DESCRIPTION OF THE TASK: Return, exactly as written, the lines of the material from its top through the line with "AFICHE RETRO RADIO", keeping pictures out.

INPUT FOR THIS TASK:
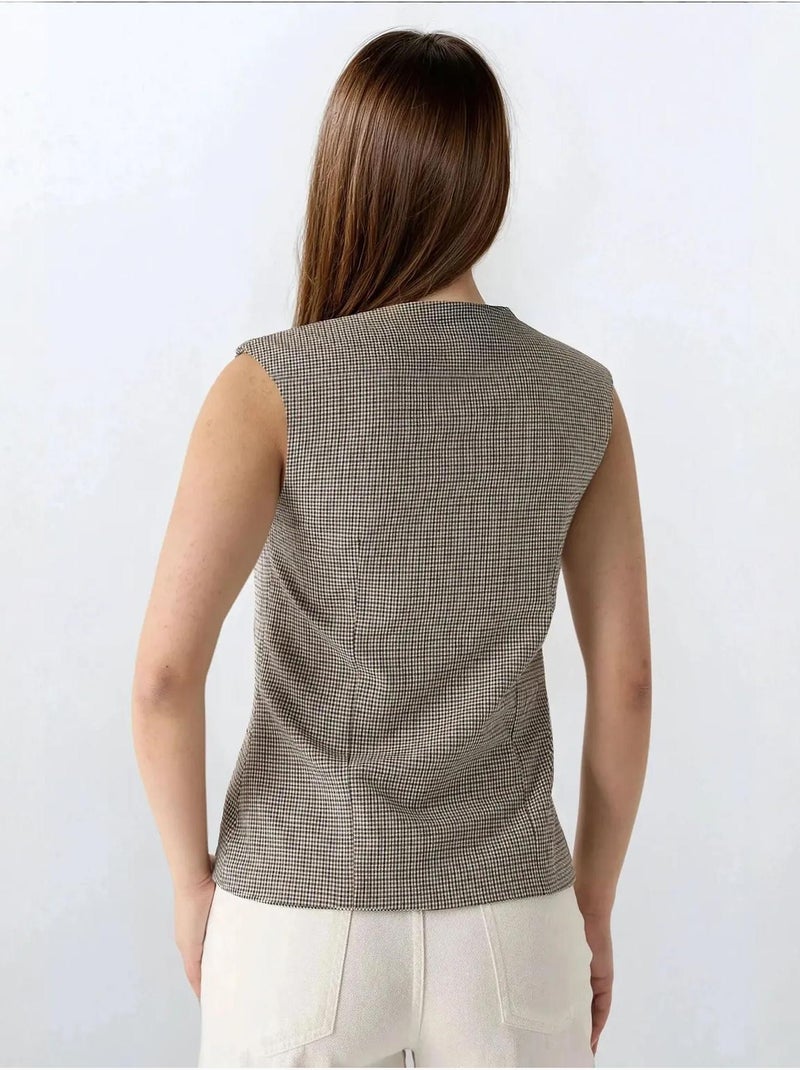 Gilet ajusté à carreaux et col ras du cou Multicolore - Kiabi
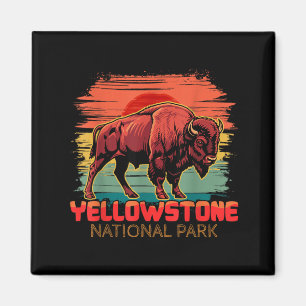Yellowstone-Nationalpark Büffel Bison Sonnenunterg Magnet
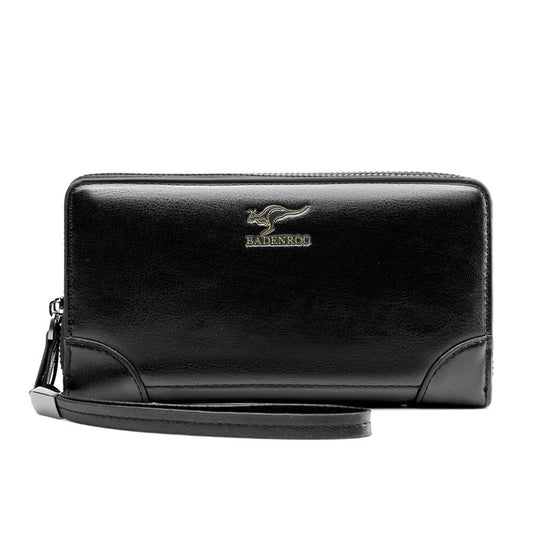 Black leather wallet with a visible brand logo on a white background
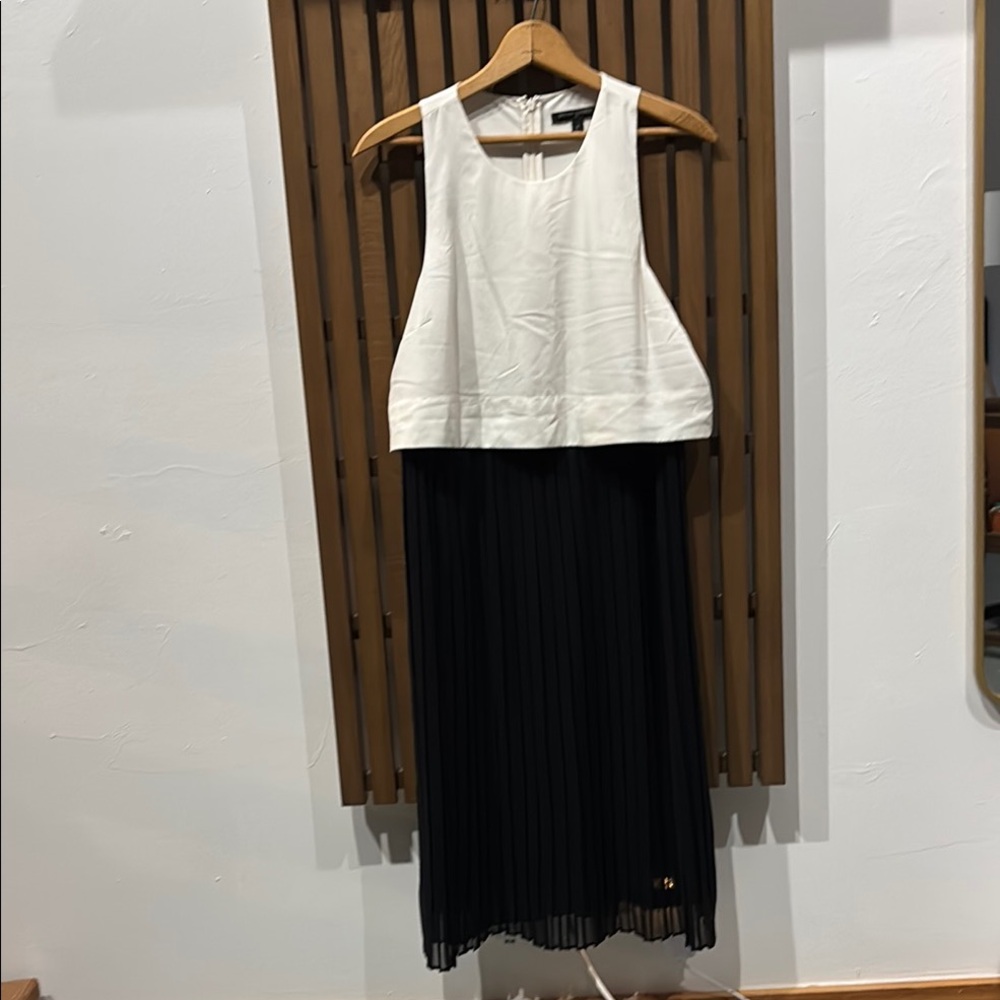 Banana Republic Cream Pleated Midi Dress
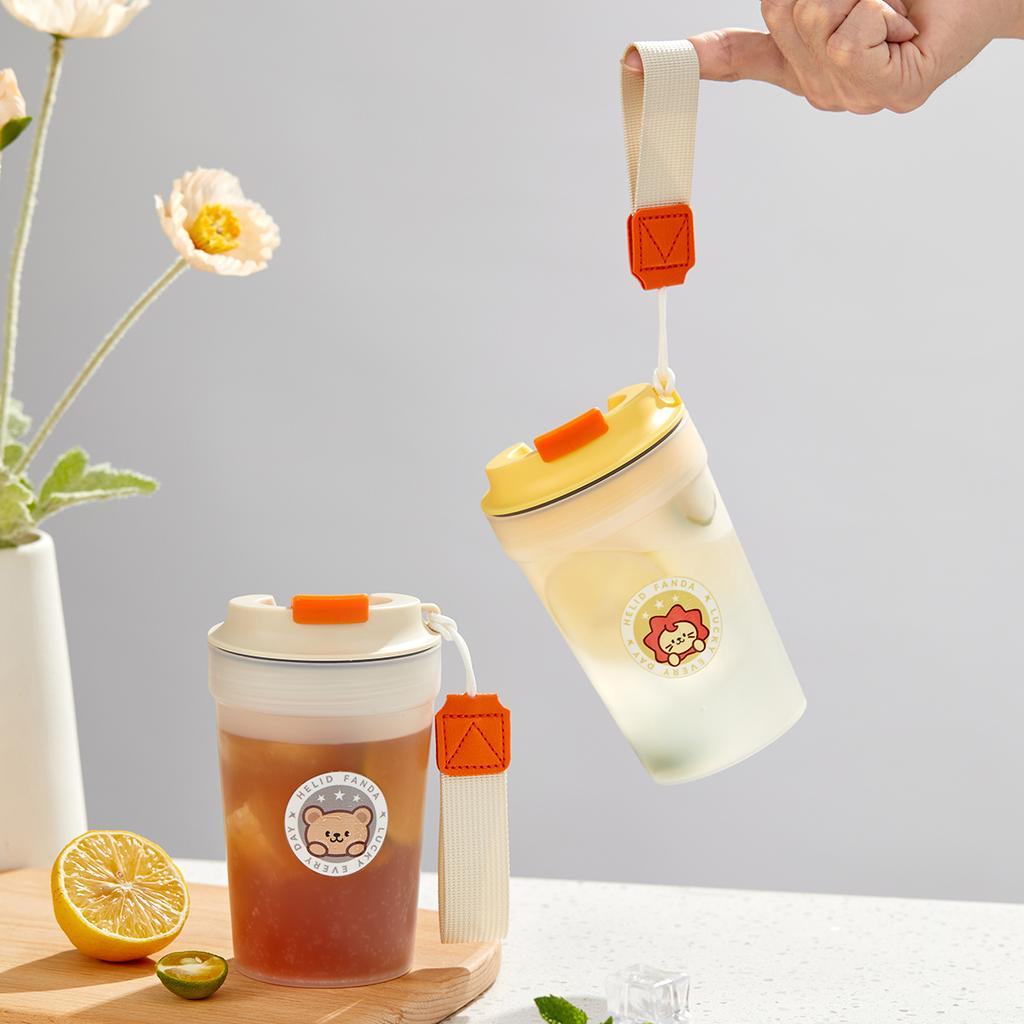 Plastic Coffee Cup With Rope,Sports Portable Drinking Bottle Reusable Water Cup Office Workers Coffee Mug Drinkware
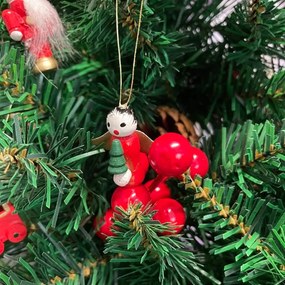 Zestaw świątecznych drewnianych ozdób RED JOY czerwony, 30 szt.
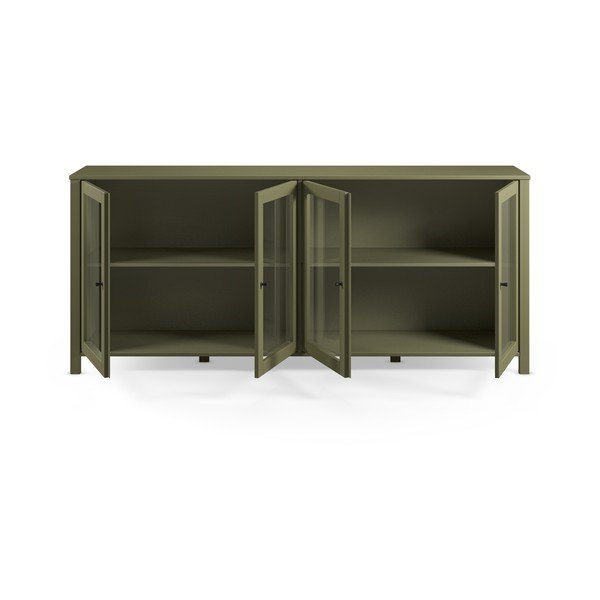 Vetrina verde in pino massiccio 186x80x40 cm Alessandra – Marckeric-image-3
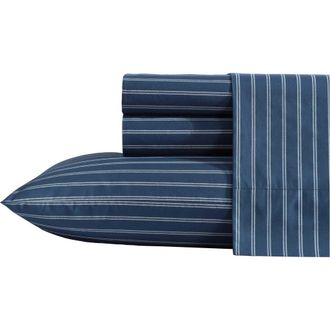 Nautica Richmond Stripe 200 Thread Count Cotton Percale Sheet Set in Captains Blue at Nordstrom Rack, Size Twin X-Long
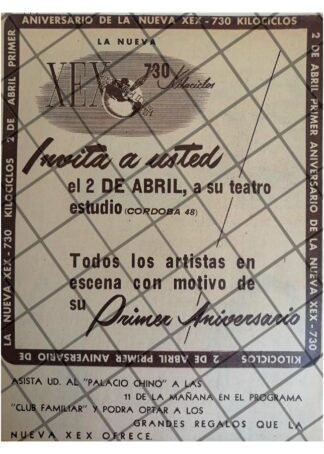 AFICHE RETRO RADIO DIFUSORA XEX 1952 1ER ANIVERSARIO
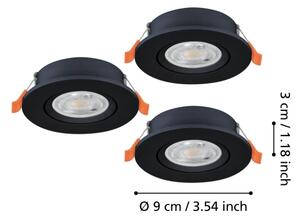 Eglo 902265 - Set 3x spoturi LED încastrate BARRANCO LED/4,8W/230V negru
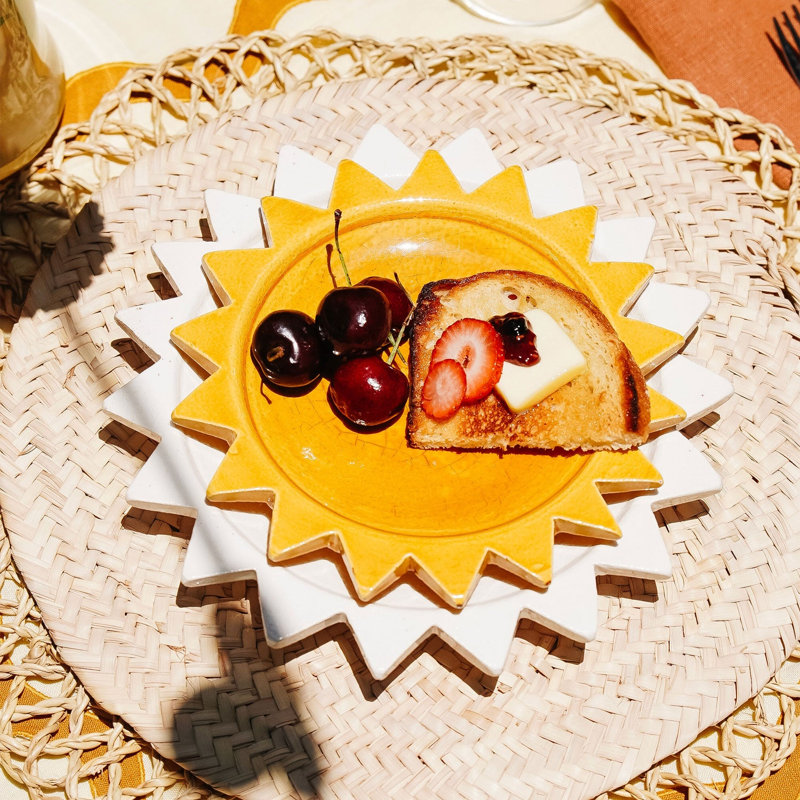 Ceramic Sun Plate, White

SOLVED EXERCISE:
 Gilet ajusté à carreaux et col ras du cou Multicolore - Kiabi
Yellowstone-Nationalpark Büffel Bison Sonnenunterg Magnet
 Black leather wallet with a visible brand logo on a white background
 Banana Republic Cream Pleated Midi Dress
 Plastic Coffee Cup With Rope,Sports Portable Drinking Bottle Reusable Water Cup Office Workers Coffee Mug Drinkware
 Zestaw świątecznych drewnianych ozdób RED JOY czerwony, 30 szt.
 Vetrina verde in pino massiccio 186x80x40 cm Alessandra – Marckeric-image-3
 Nautica Richmond Stripe 200 Thread Count Cotton Percale Sheet Set in Captains Blue at Nordstrom Rack, Size Twin X-Long
 AFICHE RETRO RADIO DIFUSORA XEX 1952 1ER ANIVERSARIO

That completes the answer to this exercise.